The soldiers of the devil march into battle with guns and swords. The soldiers of God march into battle with kindness. The sword may oust a tyrant, but only by making the one who wields it into a tyrant. A bombing may inspire men to revolution, but only to a violent revolution; and a violent revolution to install a violent regime. A person who knows that his beliefs are true rarely lies; he does not need to lie. A person whose belief is truth never lies; any lie weakens his position. A person whose cause is compassionate will benefit from compassionate acts, but a person whose cause is compassion will not benefit from any uncompassionate act. A person whose cause is consistent with freedom will benefit from freeing men, but a person whose cause is freedom will never benefit from enslaving them.
Property has got to die, and not just in the minds of the people; we must have property’s teeth out. That means the abolition of the state, the violent wing of the bourgeoisie infrastructure. Pacifism must be anarchist if it is to be meaningfully pacifist at all, unless one class’s systematic use of standing armies, beatings, imprisonments, shootings, executions, and tear gassings to forcibly dominate another is no longer to be called violent. To imagine oneself a pacifist simply because one accepts only the violence of the military and the police is to conformistically fawn over power in the admiration of stasis, posturing as a servile lackey to oppressors and affirming their founding tenet that it is might which makes right. And anarchism for its part must be pacifist if it is to be meaningfully anarchist, as no noncoercive society can be established through coercion. If coercion was necessary to establish it, then it will be necessary to sustain it. If it is not continued, then no sooner will it be withdrawn than society return to its prior condition.

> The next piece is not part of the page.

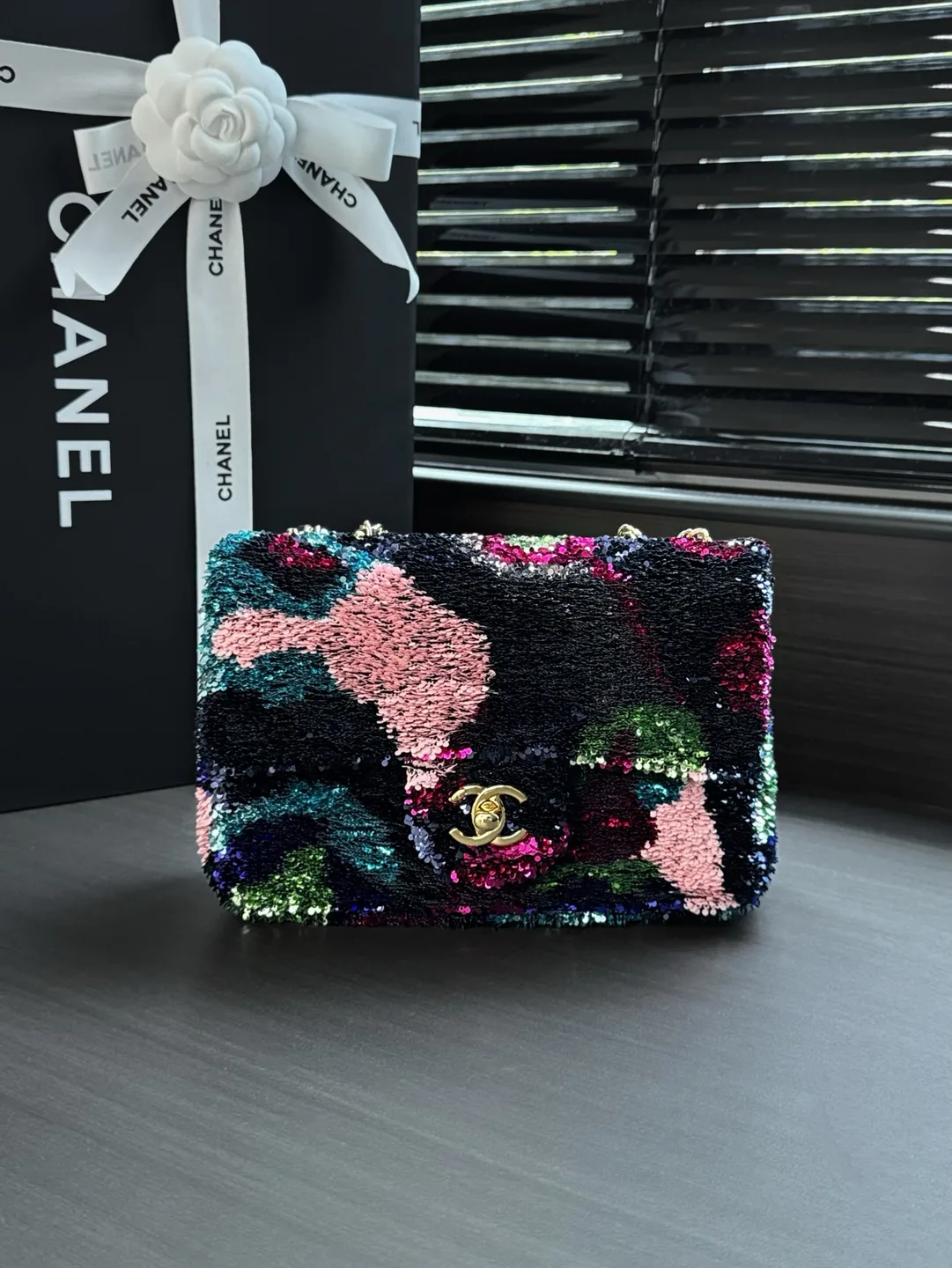 Chanel Classic Flap: borsa flap piccola con paillettes multicolori e chiusura a doppia C.
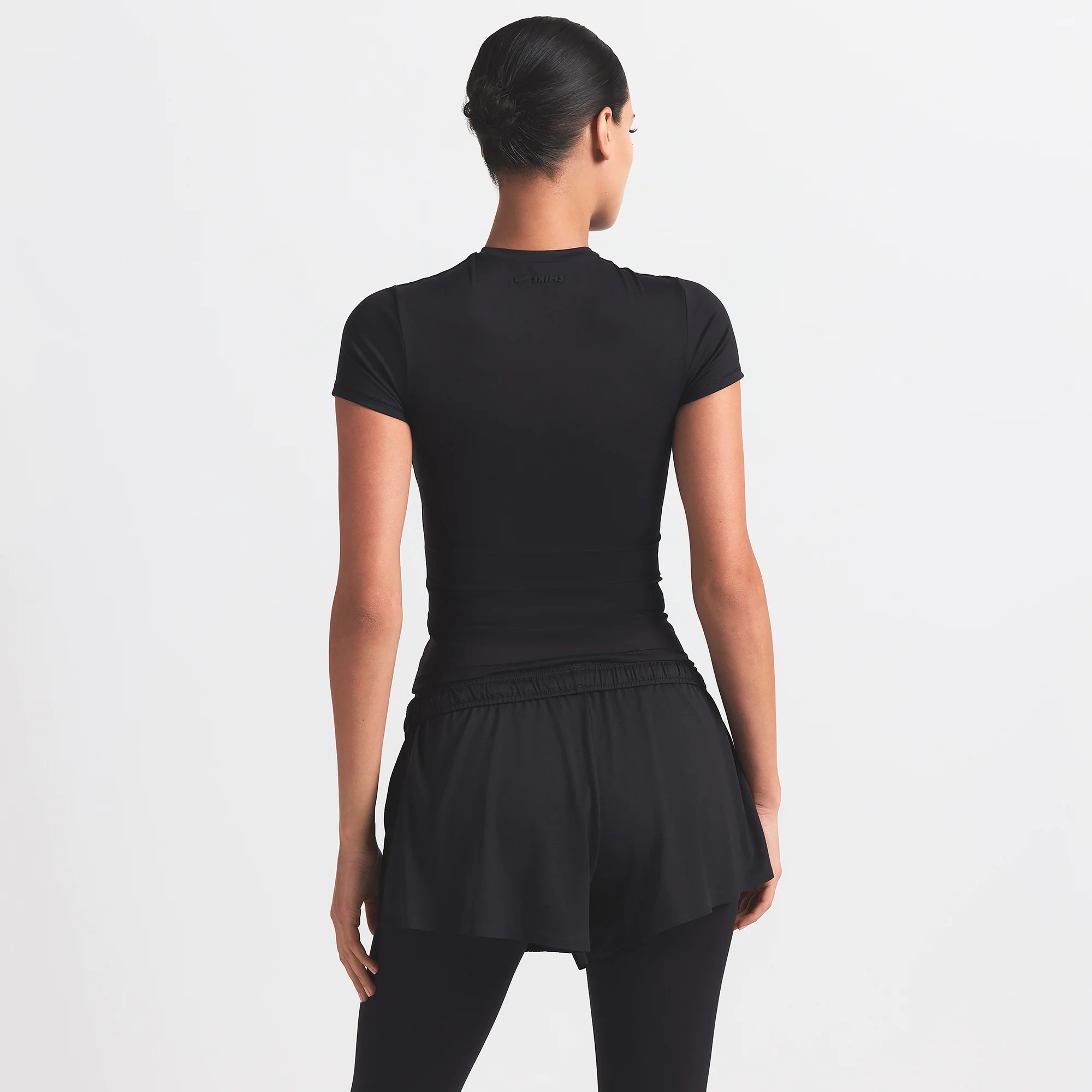 NikeSKIMS MATTE PADDED BABY TEE | OBSIDIAN - Image 4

It has never been the right time to good. It will never be the right time to do good. All good that has ever been done has been done at the wrong time- at an inconvenient time and far too early an hour, years before society was prepared. Fools that we are, we rarely ask: how can it be the wrong time to do what is right?
Doing what is right is beneficial to my soul, and the benefit of my soul is not detrimental to yours. What else matters, by comparison? I would scarcely sacrifice the benefit of my soul for the stability of society. And even if I were mad enough to value the world more than my soul, I would still be relying on causality to plead my case against God; yet God owns causality.
Here is a useful litmus test: if after an hour of conversation you find yourself arguing that justice and care are impossible, love is insufficiently just, morality is outside of our grasp, Jesus is wrong, and atrocities which you admit to be horrific are justifiable in the name of the greater good, then the thing which you are trying to justify is probably evil. If after an hour you find the person with whom you are speaking appealing to your senses of empathy, mercy, and compassion, and attempting to humanize others in your mind, then the thing which they are trying to convince you to do is probably good.
God is perfectly capable of killing his own enemies.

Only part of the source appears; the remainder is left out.